§ DIRECTIONS FOR THIS TASK: Write each entry out again exactly as it was given.

(Short descriptive text snippets)
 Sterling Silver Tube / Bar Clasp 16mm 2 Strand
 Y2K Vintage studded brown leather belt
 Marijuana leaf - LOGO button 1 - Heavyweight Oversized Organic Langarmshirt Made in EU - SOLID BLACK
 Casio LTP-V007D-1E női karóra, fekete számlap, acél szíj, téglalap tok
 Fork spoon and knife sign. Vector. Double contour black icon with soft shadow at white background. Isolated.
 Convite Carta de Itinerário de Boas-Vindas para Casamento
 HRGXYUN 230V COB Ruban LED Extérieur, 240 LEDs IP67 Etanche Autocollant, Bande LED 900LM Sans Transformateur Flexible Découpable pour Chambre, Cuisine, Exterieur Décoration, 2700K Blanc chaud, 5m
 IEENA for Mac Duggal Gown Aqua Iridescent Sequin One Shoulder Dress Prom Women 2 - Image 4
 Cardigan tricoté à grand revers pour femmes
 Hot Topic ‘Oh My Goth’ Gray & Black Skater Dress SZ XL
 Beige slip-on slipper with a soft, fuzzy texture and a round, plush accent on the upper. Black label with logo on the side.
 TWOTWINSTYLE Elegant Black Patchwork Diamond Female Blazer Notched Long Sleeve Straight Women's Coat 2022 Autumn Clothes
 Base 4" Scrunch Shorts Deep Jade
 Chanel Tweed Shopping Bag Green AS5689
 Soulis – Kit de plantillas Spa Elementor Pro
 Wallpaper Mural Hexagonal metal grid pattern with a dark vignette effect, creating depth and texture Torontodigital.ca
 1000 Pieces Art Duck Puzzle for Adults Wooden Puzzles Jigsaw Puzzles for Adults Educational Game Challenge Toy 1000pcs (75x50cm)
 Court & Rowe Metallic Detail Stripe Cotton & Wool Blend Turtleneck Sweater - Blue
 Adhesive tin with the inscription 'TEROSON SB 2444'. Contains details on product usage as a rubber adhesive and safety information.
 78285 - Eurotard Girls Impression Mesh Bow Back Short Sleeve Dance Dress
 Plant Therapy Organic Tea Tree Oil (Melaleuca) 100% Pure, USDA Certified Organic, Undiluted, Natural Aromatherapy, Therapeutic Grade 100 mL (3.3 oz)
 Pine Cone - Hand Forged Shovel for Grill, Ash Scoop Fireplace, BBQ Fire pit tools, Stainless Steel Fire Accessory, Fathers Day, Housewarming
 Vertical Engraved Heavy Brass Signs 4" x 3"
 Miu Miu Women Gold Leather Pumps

§ RESPONSE AREA:
 Sterling Silver Tube / Bar Clasp 16mm 2 Strand
 Y2K Vintage studded brown leather belt
 Marijuana leaf - LOGO button 1 - Heavyweight Oversized Organic Langarmshirt Made in EU - SOLID BLACK
 Casio LTP-V007D-1E női karóra, fekete számlap, acél szíj, téglalap tok
 Fork spoon and knife sign. Vector. Double contour black icon with soft shadow at white background. Isolated.
 Convite Carta de Itinerário de Boas-Vindas para Casamento
 HRGXYUN 230V COB Ruban LED Extérieur, 240 LEDs IP67 Etanche Autocollant, Bande LED 900LM Sans Transformateur Flexible Découpable pour Chambre, Cuisine, Exterieur Décoration, 2700K Blanc chaud, 5m
 IEENA for Mac Duggal Gown Aqua Iridescent Sequin One Shoulder Dress Prom Women 2 - Image 4
 Cardigan tricoté à grand revers pour femmes
 Hot Topic ‘Oh My Goth’ Gray & Black Skater Dress SZ XL
 Beige slip-on slipper with a soft, fuzzy texture and a round, plush accent on the upper. Black label with logo on the side.
 TWOTWINSTYLE Elegant Black Patchwork Diamond Female Blazer Notched Long Sleeve Straight Women's Coat 2022 Autumn Clothes
 Base 4" Scrunch Shorts Deep Jade
 Chanel Tweed Shopping Bag Green AS5689
 Soulis – Kit de plantillas Spa Elementor Pro
 Wallpaper Mural Hexagonal metal grid pattern with a dark vignette effect, creating depth and texture Torontodigital.ca
 1000 Pieces Art Duck Puzzle for Adults Wooden Puzzles Jigsaw Puzzles for Adults Educational Game Challenge Toy 1000pcs (75x50cm)
 Court & Rowe Metallic Detail Stripe Cotton & Wool Blend Turtleneck Sweater - Blue
 Adhesive tin with the inscription 'TEROSON SB 2444'. Contains details on product usage as a rubber adhesive and safety information.
 78285 - Eurotard Girls Impression Mesh Bow Back Short Sleeve Dance Dress
 Plant Therapy Organic Tea Tree Oil (Melaleuca) 100% Pure, USDA Certified Organic, Undiluted, Natural Aromatherapy, Therapeutic Grade 100 mL (3.3 oz)
 Pine Cone - Hand Forged Shovel for Grill, Ash Scoop Fireplace, BBQ Fire pit tools, Stainless Steel Fire Accessory, Fathers Day, Housewarming
 Vertical Engraved Heavy Brass Signs 4" x 3"
 Miu Miu Women Gold Leather Pumps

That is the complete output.